● TASK DESCRIPTION
Down to the last character, repeat the entries beneath this task.

● RECORDS
━━━━━━━━━━

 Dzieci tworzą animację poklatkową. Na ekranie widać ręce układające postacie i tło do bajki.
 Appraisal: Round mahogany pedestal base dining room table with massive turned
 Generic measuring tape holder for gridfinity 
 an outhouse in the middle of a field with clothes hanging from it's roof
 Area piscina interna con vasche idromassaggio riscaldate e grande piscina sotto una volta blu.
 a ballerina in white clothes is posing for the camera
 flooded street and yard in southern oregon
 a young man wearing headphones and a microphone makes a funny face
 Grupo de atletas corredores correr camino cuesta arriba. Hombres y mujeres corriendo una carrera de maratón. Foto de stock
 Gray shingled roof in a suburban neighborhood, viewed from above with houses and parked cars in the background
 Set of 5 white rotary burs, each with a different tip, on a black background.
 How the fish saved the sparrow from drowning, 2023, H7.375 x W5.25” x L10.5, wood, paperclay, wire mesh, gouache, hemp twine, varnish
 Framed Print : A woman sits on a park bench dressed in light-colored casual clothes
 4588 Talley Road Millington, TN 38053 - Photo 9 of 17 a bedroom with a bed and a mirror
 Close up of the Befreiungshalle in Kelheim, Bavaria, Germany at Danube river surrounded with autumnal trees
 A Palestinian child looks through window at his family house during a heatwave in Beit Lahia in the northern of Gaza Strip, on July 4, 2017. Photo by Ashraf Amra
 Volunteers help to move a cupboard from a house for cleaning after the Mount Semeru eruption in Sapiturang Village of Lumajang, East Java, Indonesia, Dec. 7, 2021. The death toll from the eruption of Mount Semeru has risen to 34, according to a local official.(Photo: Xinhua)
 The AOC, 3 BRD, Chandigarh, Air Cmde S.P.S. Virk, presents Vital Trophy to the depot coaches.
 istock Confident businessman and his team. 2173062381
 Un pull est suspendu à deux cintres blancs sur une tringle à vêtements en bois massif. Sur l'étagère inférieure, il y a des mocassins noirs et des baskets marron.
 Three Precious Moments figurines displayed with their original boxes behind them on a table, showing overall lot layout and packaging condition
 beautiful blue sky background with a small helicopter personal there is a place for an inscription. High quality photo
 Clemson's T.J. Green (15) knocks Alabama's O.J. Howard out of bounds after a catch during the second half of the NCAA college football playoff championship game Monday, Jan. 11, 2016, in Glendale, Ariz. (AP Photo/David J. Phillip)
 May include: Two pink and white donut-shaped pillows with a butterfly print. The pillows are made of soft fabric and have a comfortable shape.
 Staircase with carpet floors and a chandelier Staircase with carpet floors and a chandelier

━━━━━━━━━━

● RESPONSE TO THE EXERCISE
 Dzieci tworzą animację poklatkową. Na ekranie widać ręce układające postacie i tło do bajki.
 Appraisal: Round mahogany pedestal base dining room table with massive turned
 Generic measuring tape holder for gridfinity 
 an outhouse in the middle of a field with clothes hanging from it's roof
 Area piscina interna con vasche idromassaggio riscaldate e grande piscina sotto una volta blu.
 a ballerina in white clothes is posing for the camera
 flooded street and yard in southern oregon
 a young man wearing headphones and a microphone makes a funny face
 Grupo de atletas corredores correr camino cuesta arriba. Hombres y mujeres corriendo una carrera de maratón. Foto de stock
 Gray shingled roof in a suburban neighborhood, viewed from above with houses and parked cars in the background
 Set of 5 white rotary burs, each with a different tip, on a black background.
 How the fish saved the sparrow from drowning, 2023, H7.375 x W5.25” x L10.5, wood, paperclay, wire mesh, gouache, hemp twine, varnish
 Framed Print : A woman sits on a park bench dressed in light-colored casual clothes
 4588 Talley Road Millington, TN 38053 - Photo 9 of 17 a bedroom with a bed and a mirror
 Close up of the Befreiungshalle in Kelheim, Bavaria, Germany at Danube river surrounded with autumnal trees
 A Palestinian child looks through window at his family house during a heatwave in Beit Lahia in the northern of Gaza Strip, on July 4, 2017. Photo by Ashraf Amra
 Volunteers help to move a cupboard from a house for cleaning after the Mount Semeru eruption in Sapiturang Village of Lumajang, East Java, Indonesia, Dec. 7, 2021. The death toll from the eruption of Mount Semeru has risen to 34, according to a local official.(Photo: Xinhua)
 The AOC, 3 BRD, Chandigarh, Air Cmde S.P.S. Virk, presents Vital Trophy to the depot coaches.
 istock Confident businessman and his team. 2173062381
 Un pull est suspendu à deux cintres blancs sur une tringle à vêtements en bois massif. Sur l'étagère inférieure, il y a des mocassins noirs et des baskets marron.
 Three Precious Moments figurines displayed with their original boxes behind them on a table, showing overall lot layout and packaging condition
 beautiful blue sky background with a small helicopter personal there is a place for an inscription. High quality photo
 Clemson's T.J. Green (15) knocks Alabama's O.J. Howard out of bounds after a catch during the second half of the NCAA college football playoff championship game Monday, Jan. 11, 2016, in Glendale, Ariz. (AP Photo/David J. Phillip)
 May include: Two pink and white donut-shaped pillows with a butterfly print. The pillows are made of soft fabric and have a comfortable shape.
 Staircase with carpet floors and a chandelier Staircase with carpet floors and a chandelier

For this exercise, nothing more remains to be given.